Health chiefs warn of ‘reckless’ cuts in student nurse funding

Britain’s major health organisations have called on the government to put a stop to “reckless” plans to reform student nurse funding in the current climate of uncertainty and NHS staff shortages.

Led by the Royal College of Nursing, the British Medical Association, the Royal College of General Practitioners and the Patients Association, a coalition of more than 20 charities, medical and professional bodies and trade unions today releases an open letter to David Cameron saying that moves to drop funding for student nurses and midwives are an “untested gamble”.

Currently open to a 12-week consultation, which closes on 30 June, the proposals include dropping bursaries to support nurses during their training and switching them to student loans – something health experts warn will risk reducing the supply of future nurses, midwives and other health workers when they are desperately needed.

They are asking the prime minister to fully consider the impact on patient care in England.
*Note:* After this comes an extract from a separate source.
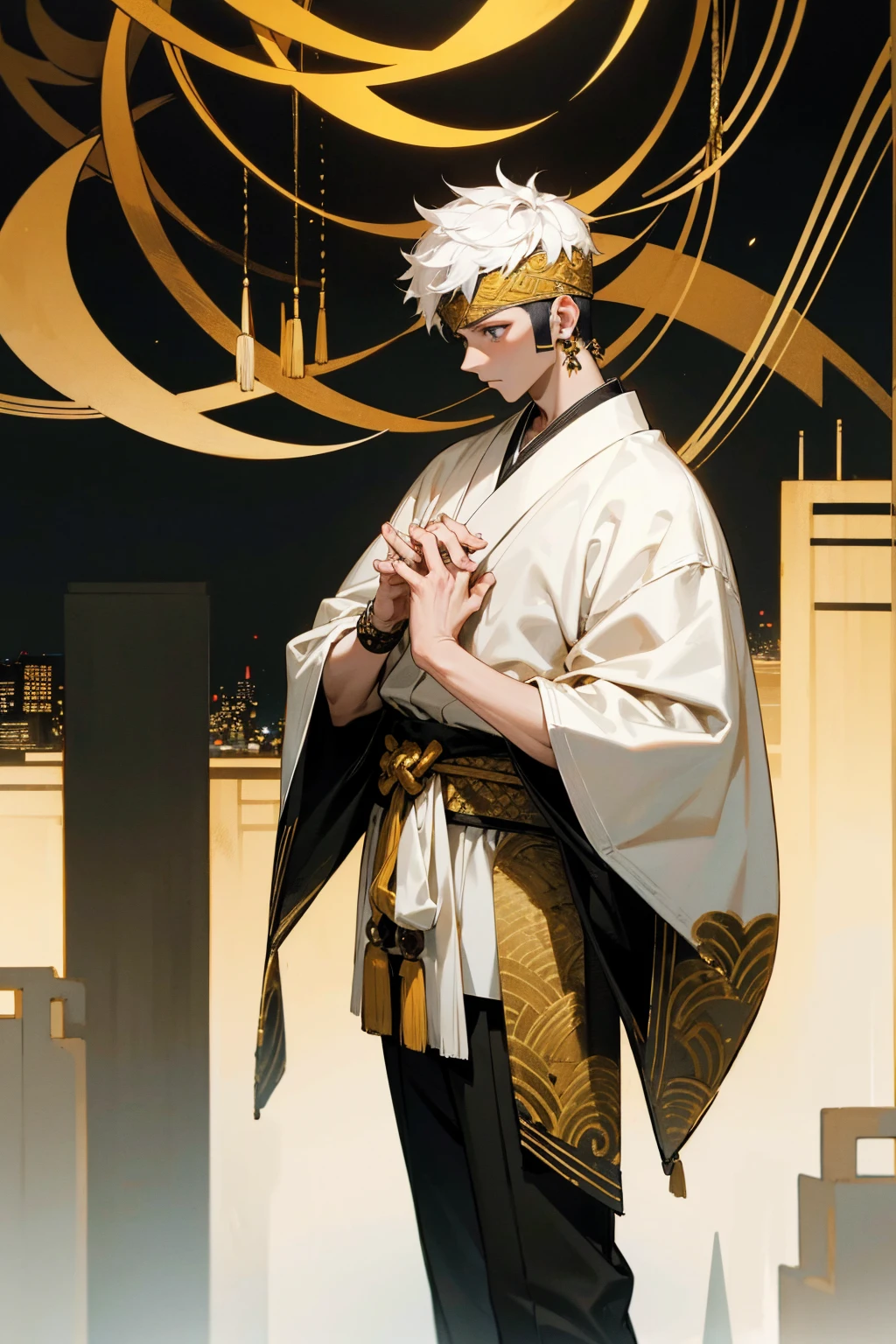 1male, white short hair, faded sides, black and gold headband, serious expression, white haori with designs, (city background), detailed background, hands to side, standing on path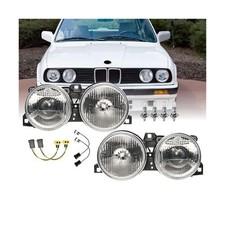 Usr Depo 84-91 E30 3 Series Euro Smiley Projector Glass Lens Headlight Assemb...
Training for nurses had been treated differently to other higher and further education courses precisely to help reverse the shortages.

The organisations highlight the “worrying lack of clarity or consultation about the effect that funding changes could have on those who need to train for more advanced or specialist roles, such as health visitors or district nurses”.

It comes as an RCN survey points to a dramatic fall in the number of school nurses, with almost a third working unpaid overtime every day to keep up with their workload. In figures released for its national conference this weekend, the RCN said its research showed the number of school nursing posts had fallen by 10% since 2010, leaving 2,700 school nurses now caring for more than nine million pupils, despite a rising incidence in issues, especially in mental health, among children.